TFF'deki Galatasaraylı Ali Dürüst'ün cezalar sonrasında herhangi bir tavır alıp almadığıyla ilgili konuşan Altaylı, "Ali Dürüst benim yakın dostum ama epeydir kendisini görmedim. Açıkçası kendisi bir süredir Galatasaray camiasına mesafeli durmaya çalışıyor, son derece haklı. Şans eseri Abdurrahim Albayrak'la beraber bulunduğu sırada transfer mevzuna bir anlamda şahitlik etmek durumunda kaldığı için sanki dahli varmış gibi ortam yaratılmaya çalışıldı. Bu yüzden de Dürüst, Galatasaray camiasındaki dostlarına mesafeli duruyor. Cezalar sonrası ne yapmıştır? Hiçbir şey yapmamıştır çünkü tanıyanlar bilir ki bu gibi durumlarda topa sert girmez. Muhakkak bir şeyler söylemiştir ancak bunu tavra dönüştürmemiştir. Dürüst'ün yerinde ben olsam daha farklı olurdu, başkası olsa başka olurdu. Bildiğim kadarıyla Fatih Terim'le de arası Milli Takım olayından sonra pek parlak değil. Milli Takım'dan ayrılmasıyla alakalı olarak Fatih Terim, kendi bakış açısıyla Ali Dürüst'ü sorumlu tutuyor, oysa ben biliyorum ki Ali Dürüst'ün o konuda bir dahli yok. Hatta belki de TFF'nin bile bir dahli yok sadece TFF Başkanı'nın kendisine yapılmış bir tebligat sonucunda Fatih Terim'i görevden aldığını öğreniyoruz. Sabah 'Göreve devam ediyorsun' diyor, öğleden sonra belli bir telefon falan gelmiş, görevden alma kararı, üstelik bunu da Ali Dürüst vasıtasıyla tebli ettiği için aralarında bir tatsızlık var" dedi.

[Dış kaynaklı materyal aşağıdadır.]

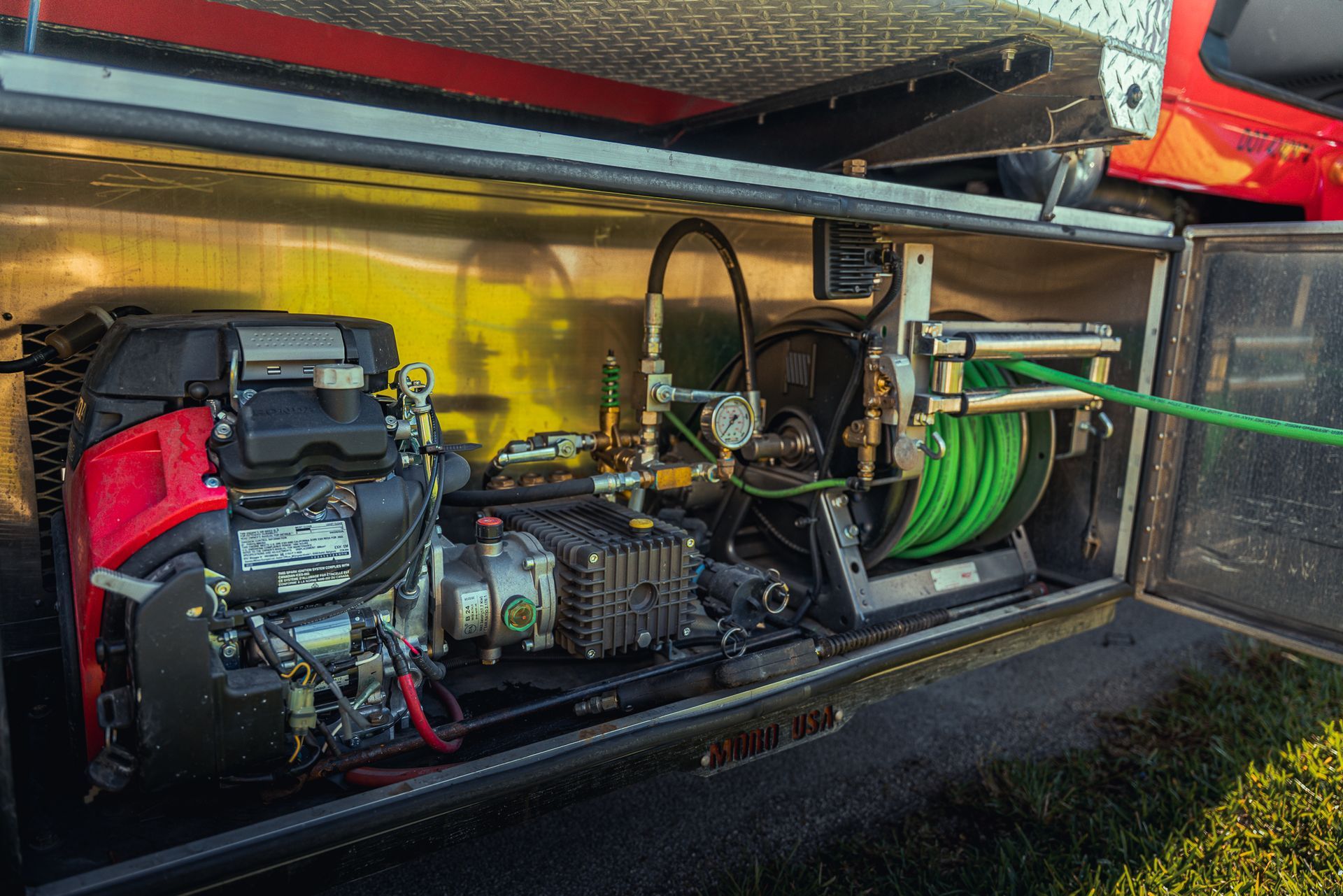 A hose is connected to a generator in the back of a truck.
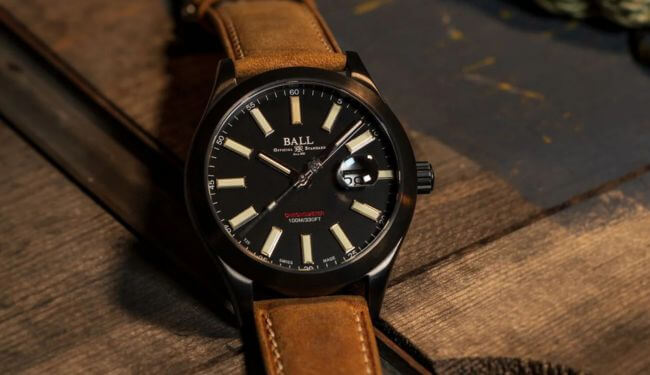 Ball watch repairs in London – black dial watch on brown leather strap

"FENERBAHÇE YÖNETİMİNDE OLSAM KOEMAN'LA DEVAM EDERİM"
Erwin Koeman'ın 'Fenerbahçe'de devam edip etmeyeceğimi bilmiyorum' açıklamasını değerlendiren Altaylı, "İyi iş çıkardığını düşünüyorum. Ben Fenerbahçe yöneticisi olsam bu adamla devam ederim. Takımdan maksimum verimi alıyor. Takımda iki tane sözde teknik direktör yani Aykut ile Cocu'nun yapamadığını yapıyor mu? İki tane teknik direktör kılıklı ama hoca olmayan adam tarafından taca atılan önemli bir oyuncuyu devreye alıyor mu? Fatih Terim'e bir gün soruyorlar 'Türkiye'den bir oyuncuyu transfer etmek istesen kim olur?' o da Valbuena cevabını veriyor. Kendisinden duymadım ama tanıdıklardan duydum. Valbuena'yı oynatan, takıma üç maçta 2 galibiyet aldıran, ekim ayında tek gol atmış takıma bir hafta içerisinde 6 gol attıran adamla devam ederim. Bakarsın şahane bir teknik direktör olabilir. Fatih Terim, Galatasaray'a geldiğinde şahane miydi? Avrupa şampiyonu muydu? İlk yarıyı 9 puan geride tamamlamıştı, Faruk Süren 'Kalsın' dedi, oradan bir Türk teknik direktör efsanesi doğdu. Bakarsın Koeman'dan Fenerbahçe'ye şahane bir hoca çıkabilir." yorumunda bulundu.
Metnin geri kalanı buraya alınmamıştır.